Nevertheless, underlying replacement cost profit, which is equal to adjusted net profit, rose by an attractive 18% year-over-year, to $4.8 billion, or more than $19 billion on an annualized level. Even better, BP’s earnings per share and earnings per ADS rose by 29% year-over-year. The discrepancy in the profit growth rate on a company-wide basis is explained by BP’s share repurchases, which have lowered the share count substantially, which resulted in a nice boost to its per-share and per-ADS profits.
Using Cash Flows To Shareholders’ Benefit
This buyback spending was the result of BP’s capital allocation strategy that pursues several ways to generate shareholder value. Since BP is generating vast cash flows and since it isn’t investing as much in new exploration and production compared to peers such as XOM, it makes sense for the company to have a logical strategy in place for how to use its free cash flows.
During the fourth quarter, BP generated operating cash flows of $13.6 billion. That’s not overly reflective of the general cash flow generation potential, however, as cash flows benefitted from working capital movements during the period, while working capital movements were a headwind in the previous quarter. During all of 2022, BP generated operating cash flows of $41 billion, or a little more than $10 billion per quarter, which seems like a better proxy for BP’s cash flow generation power in the foreseeable future versus the abnormally high level seen in Q4. The price for Brent crude oil was slightly higher at the beginning of 2023 versus the beginning of 2022, thus the two quarters could be more or less comparable. It is, of course, not guaranteed that 2023 will experience a mid-year oil price jump comparable to what we have seen in 2022, thus 2023 could be a worse year profit and cash flow wise overall. But even if profits and cash flows were to come in ~20% below last year’s level, that would still make for operating cash flows of $33 billion, or more than $8 billion per quarter.

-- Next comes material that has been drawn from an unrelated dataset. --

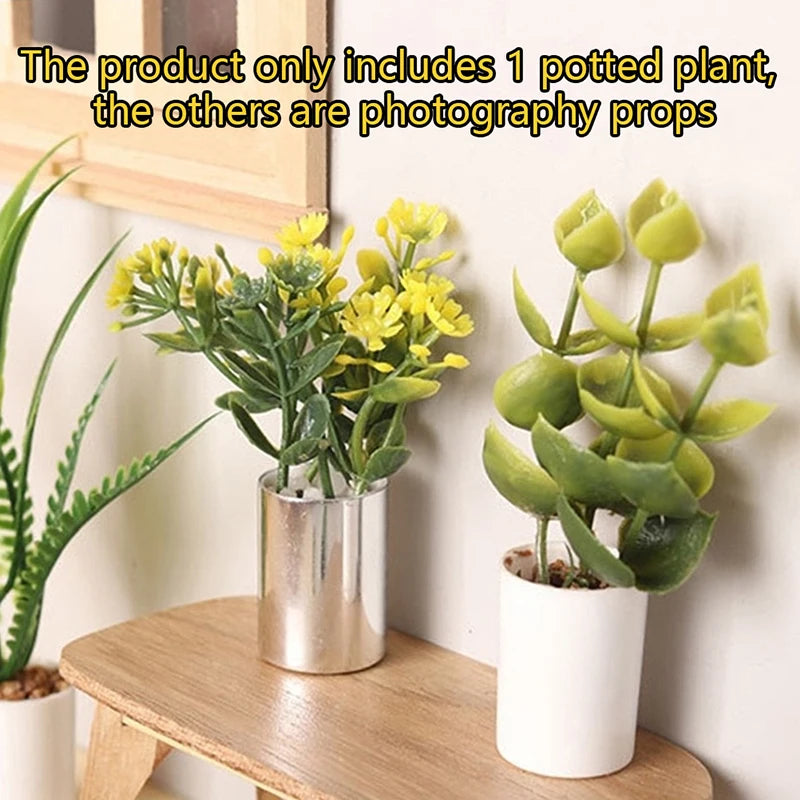 1:12 Dollhouse Miniature Potted Plant Bonsai Resin Decor Dollhouse Miniature QXL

BP spent $16 billion on capital expenditures last year for a free cash flow generation of $25 billion. BP has guided towards capital expenditures of $17 billion this year, including inorganic expenditures, i.e. M&A spending. This could result in free cash flows of around $16 billion in the scenario laid out above, where operating cash flows decline by 20% this year. If operating cash flows were to remain stable, the capital expenditure guidance implies that BP will generate free cash flows of $24 billion this year. BP is currently trading with a market capitalization of ~$100 billion — even a $16 billion free cash flow result for the current year would thus make for a pretty attractive mid-teens free cash flow yield. That is not available from Exxon Mobil and Chevron (CVX), as those are generating heavy free cash flows as well, but since they are trading at significantly higher valuations.

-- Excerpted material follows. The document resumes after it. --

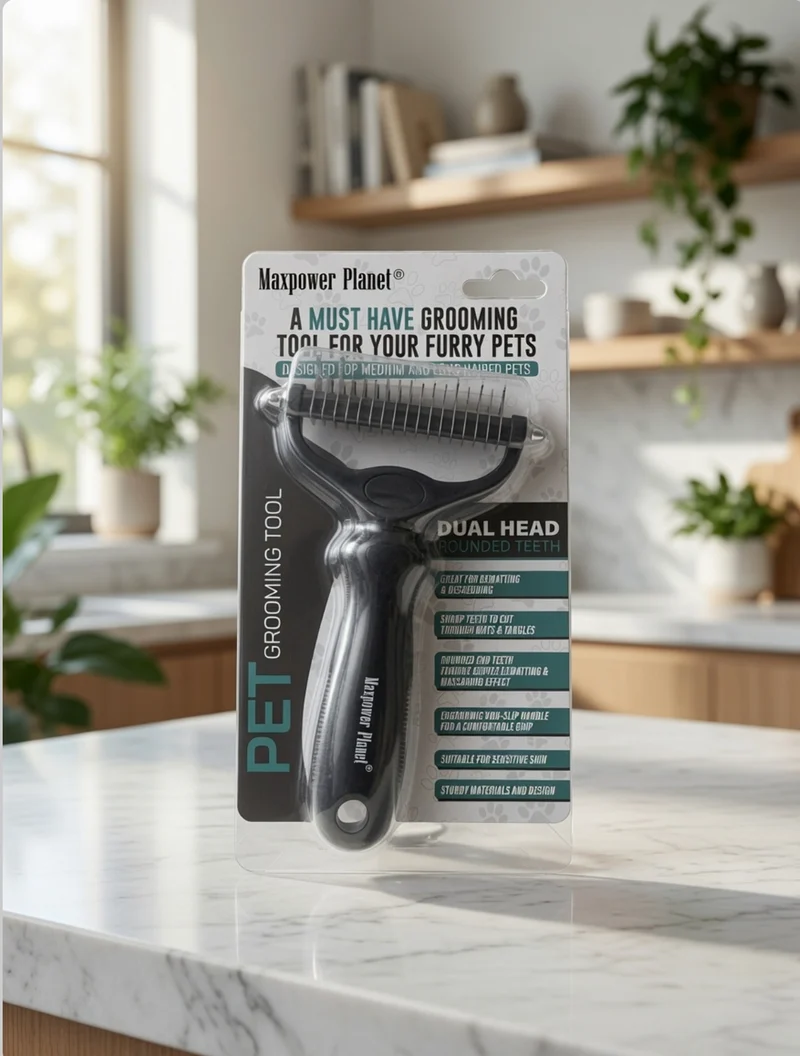 Maxpower Planet Pet Grooming Tool Dual Head Deshedding Rake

In 2022, BP has used its free cash flows for several purposes. First, the company used some of its available cash for reducing its debt position — the net debt load declined by $9 billion, from $30.6 billion to $21.4 billion. During the fourth quarter, BP’s net debt declined by $600 million. This made BP’s Gearing, which is calculated by dividing net debt by total equity, drop to 20.5%, down 480 base points year-over-year. With a net debt position of around $20 billion and a trailing twelve-month EBITDA of $61 billion, BP has a very solid balance sheet already, as its leverage ratio (net debt to EBITDA) stands at just 0.3. Still, the company plans to reduce its net debt further, which is not a bad idea as this has several advantages:
– At a constant enterprise value, lower net debt would translate into a higher market capitalization, one could thus say that net debt reduction moves value from debt holders to equity holders.
– Declining debt levels will translate into lower interest expenses, all else equal. This, in turn, will be beneficial for earnings and cash flows.
– Lower net debt levels make the company a less risky investment, as BP is better-prepared for any potential crisis the stronger its balance sheet is.
BP has stated that it seeks to use around 40% of this year’s surplus cash flows for net debt reduction. Surplus cash flows are defined as operating cash flows and proceeds from asset sales minus capital expenditures, dividends, and the portion of share repurchases that are needed to offset dilution. In 2022, surplus cash flows totaled $19.3 billion, or close to $5 billion per quarter. If we assume that operating cash flows will decline by 20% this year, as laid out above, surplus cash flow for 2023 would be around $11 billion, or $3 billion per quarter. If 40% of that is used for net debt reduction, BP would end the year with a net debt position of around $16 billion, versus $20.4 billion today.
And BP would still have $7 billion or so left over for share repurchases, as dividends are already accounted for in the surplus cash flow number. In other words, BP could buy back around 7% of its common shares this year even in a somewhat bearish scenario where lower oil prices result in a major 20% hit to its cash generation capacity. A 7% buyback pace would still be better than what is available from many other oil companies, however. It is important to note that BP has reduced its share count by 8.5% in 2022, using end-of-period numbers on December 31 of 2021 and 2022, respectively. Since another $2.75 billion in buybacks have been authorized for the current quarter alone (close to 3%), the 7% buyback estimate for the current year could turn out too conservative.
Looking at BP’s dividend, there’s some good news for shareholders as well: The company has hiked the payout by 10%, to $0.3966 per ADS, which pencils out to a dividend yield of 4.5% with BP trading at $35 (per ADS). That’s a higher yield compared to what is available from supermajor peers such as XOM or CVX, and yet, BP also offers a higher dividend growth rate. BP’s strategy of buying back shares in order to keep the per-share dividend growing while keeping the total dividend payment more or less flat has worked very well in 2022. Per-share dividends have been hiked by 10%, but on a company-wide basis, dividends have only grown by 1%, as the rest was offset by buybacks. If BP keeps buying back shares at a meaningful pace going forward, which seems likely, the company should be able to deliver sizeable dividend growth in the coming years as well, even while keeping the company-wide dividend more or less flat.
Takeaway
BP had a pretty solid quarter: Net debt declined, buybacks shrank the share count, cash flows were strong, and BP also hiked its dividend by an attractive 10%. Not everyone likes BP’s strategy of pursuing some green/renewable investments, but from what we see today, the company has not at all forgotten about its shareholders — they get a great shareholder yield.
Since BP is trading at a pretty low valuation — the forward EV/EBITDA multiple is just 2.8 — it’s definitely possible that BP will experience some multiple expansion tailwinds going forward, although that is not guaranteed, of course. Overall, BP looks very solid right here, and if oil prices remain stable or rise during 2023, BP could be a good investment. If oil prices were to fall substantially, e.g. when we get a deep recession (which seems unlikely to me), BP’s shares would likely fall, but that also holds true for its peers.
Editor’s Note: This article discusses one or more securities that do not trade on a major U.S. exchange. Please be aware of the risks associated with these stocks.